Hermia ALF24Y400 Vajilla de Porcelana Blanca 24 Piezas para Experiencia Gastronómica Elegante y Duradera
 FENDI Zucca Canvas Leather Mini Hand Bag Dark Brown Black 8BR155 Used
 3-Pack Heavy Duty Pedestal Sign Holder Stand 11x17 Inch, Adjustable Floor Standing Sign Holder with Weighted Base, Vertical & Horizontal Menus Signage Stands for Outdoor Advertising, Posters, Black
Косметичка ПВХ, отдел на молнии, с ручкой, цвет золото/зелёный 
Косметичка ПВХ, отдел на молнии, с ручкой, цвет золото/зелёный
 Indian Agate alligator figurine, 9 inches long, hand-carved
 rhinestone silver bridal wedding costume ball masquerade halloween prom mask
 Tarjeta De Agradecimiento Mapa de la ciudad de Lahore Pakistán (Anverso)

+ + + + +

**WORK TO COMPLETE:**
Could you write out all the data exactly as it is given?

**RESPONSE BELOW:**
Hermia ALF24Y400 Vajilla de Porcelana Blanca 24 Piezas para Experiencia Gastronómica Elegante y Duradera
 FENDI Zucca Canvas Leather Mini Hand Bag Dark Brown Black 8BR155 Used
 3-Pack Heavy Duty Pedestal Sign Holder Stand 11x17 Inch, Adjustable Floor Standing Sign Holder with Weighted Base, Vertical & Horizontal Menus Signage Stands for Outdoor Advertising, Posters, Black
Косметичка ПВХ, отдел на молнии, с ручкой, цвет золото/зелёный 
Косметичка ПВХ, отдел на молнии, с ручкой, цвет золото/зелёный
 Indian Agate alligator figurine, 9 inches long, hand-carved
 rhinestone silver bridal wedding costume ball masquerade halloween prom mask
 Tarjeta De Agradecimiento Mapa de la ciudad de Lahore Pakistán (Anverso)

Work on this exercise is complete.